Passionné de basket depuis l’enfance, Kevin Couliau a fait de ces espaces de jeu un terrain d’expérimentation artistique et personnel. Dans Blacktop Memento, le photographe rend hommage à la discipline et se livre à une exploration archéologique de la mémoire et des lieux.
« Les interminables heures passées sur l’asphalte rugueux n’ont pas seulement été les moments les plus amusants, les plus exaltés et les plus intenses de mon enfance, mais des moments que je chérirai à jamais. Aujourd’hui encore, mon esprit est rempli de fragments visuels de ces journées, du temps imprévisible, des nombreuses rencontres, des rires, des parties perdues, des disputes, des moments forts et des victoires. Pourtant, le souvenir le plus vif est ce sol rugueux sur lequel je marchais chaque après-midi »
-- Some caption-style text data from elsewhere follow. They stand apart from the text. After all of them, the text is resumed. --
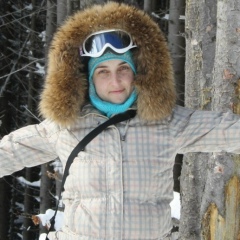 Катерина Мироненко, 07.10, Киев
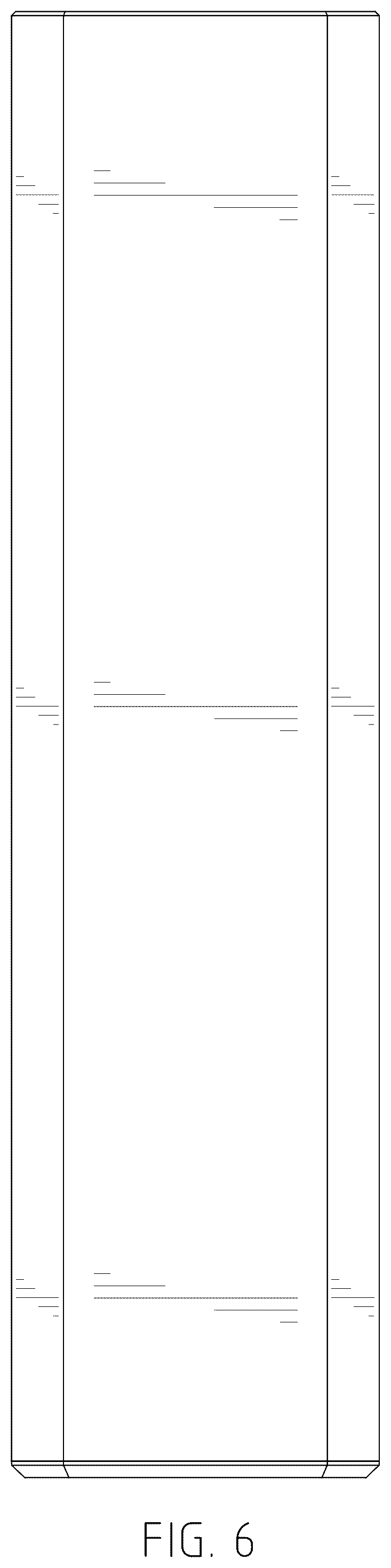 Patent USD1076442 Figure 6 – Tool box set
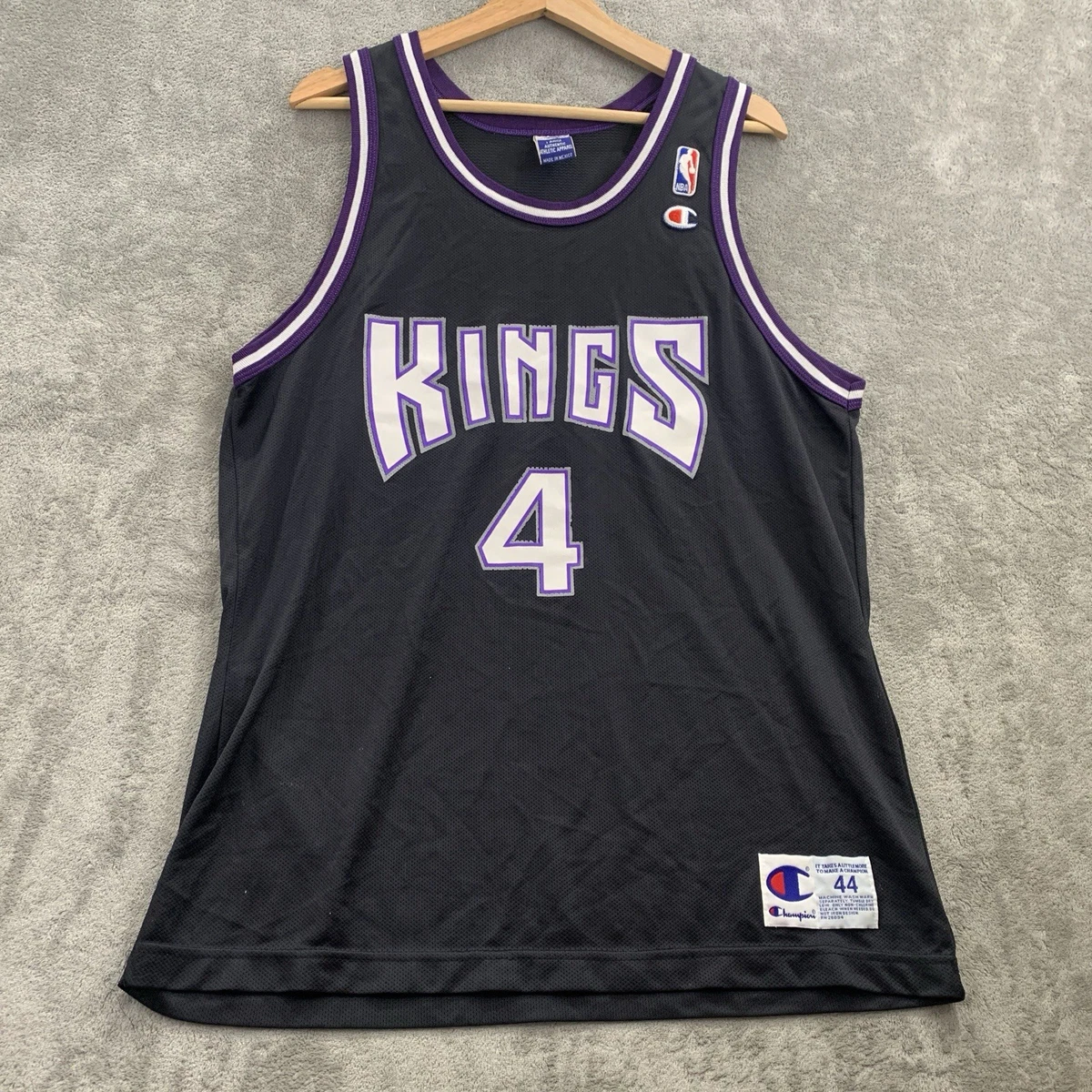 Champion Size L NBA Jerseys for sale | eBay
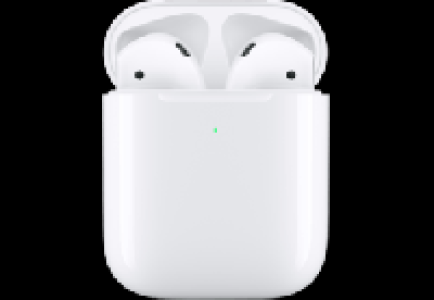 APPLE AirPods (2019) 2nd Gen. - True Wireless Kopfhörer mit kabellosem CHF 199.95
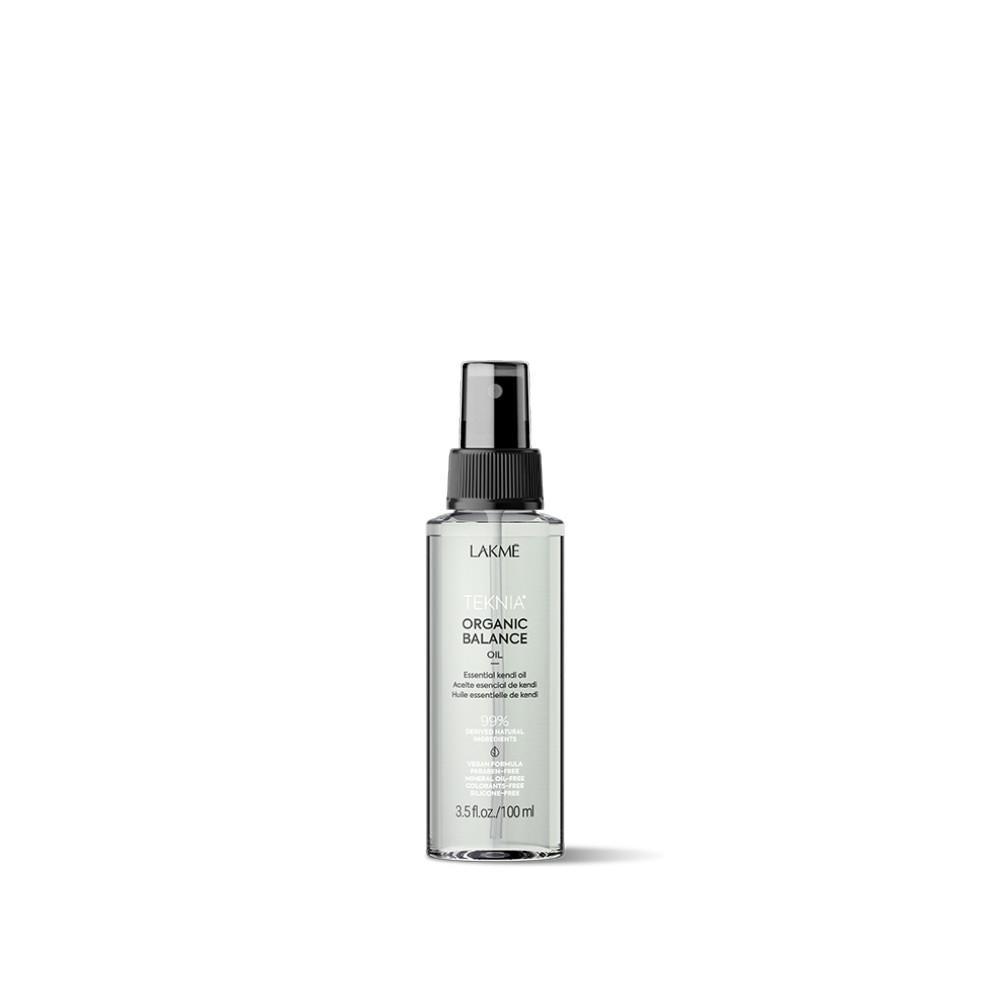Organic Balance Oil - Scentbar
, se rappelle Kevin Couliau en préface de Blacktop Memento. Dans ce premier ouvrage, le photographe nantais a tenu à rendre hommage à ce souvenir du bitume, si cher à son cœur. Cette surface, « impitoyable pour [ses] genoux, [ses] semelles et [ses] coudes », a aussi façonné son être et ses impressions du monde alentour.
Au cours de ces quinze dernières années, Kevin Couliau s’est ainsi adonné à une véritable étude archéologique. À cet effet, il a sillonné le monde à la recherche de terrains de basket, établissant une cartographie tout à fait singulière, retranscrite en fin d’ouvrage. Une fois sur place, cet explorateur de réminiscences saisit toujours quelques échantillons de ces territoires, relevés grâce à son appareil. Au total, ces étonnantes archives consignent un ensemble de 76 clichés ou fragments d’érosion. De là surgit alors une narration visuelle inattendue et pourtant prévisible. Si ces espaces s’inscrivent comme des lieux communs de la photographie contemporaine, c’est notamment parce qu’ils habillent nos paysages urbains et accueillent les souvenirs de chacun. L’athlétisme et les loisirs ont toujours participé à l’expérience humaine.
Une multitude de mémoires qui se croisent
À l’image de la mémoire inexacte, le macadam se dégrade au fil des jours. Le passage des uns et des autres, nos chutes et nos rebonds inlassables, les altèrent et leur confèrent une forme nouvelle. Les lignes s’estompent et se confondent enfin dans un mouvement lent et imprécis. L’œuvre des ans pare alors nos souvenirs de motifs et de couleurs réinventées au gré de nos volontés. Dans Blacktop Memento, les aspérités, les sillons et les nuances – sculptées à mesure que l’être et la matière s’entrechoquent – se réorganisent selon les teintes de jaune, de cyan et de magenta. Enfouie dans un fourreau de béton, une confusion temporelle s’opère ainsi. Elle laisse place à toute une réflexion sur ces espaces d’hier et de demain.
« Les fissures racontent des histoires », souligne à juste titre Jesse Washington dans l’avant-propos. Ces compositions carrées figurent autant d’abstractions que de portraits polymorphes et sans hommes. Seules des traces de leur existence subsistent çà et là. Elles en disent long sur celles et ceux qui ont traversé ces terrains sans jamais les nommer. La surface de jeu devient dès lors un musée à ciel ouvert où se superposent d’invisibles chimères. Spectres d’époques inconnues, elles sont là, partout, sans que nous puissions les entendre ni les lire. Pareils à des palimpsestes d’un nouveau genre, les tirages de Kevin Couliau donnent à voir les déclinaisons de réalités qui sont les nôtres. Pourtant, à la fois personnels et universels, ils témoignent également d’un tour de force remarquable. Car avec cet ouvrage, l’auteur parvient finalement à convoquer la multitude de mémoires qui se croisent et s’entremêlent chaque jour.
Blacktop Memento, Fragments of erosion, autoédition, 162 p.
Kevin Couliau présentera son ouvrage au stand Asphalt Chronicles de la Arles Book Fair jusqu’au 6 juillet 2022.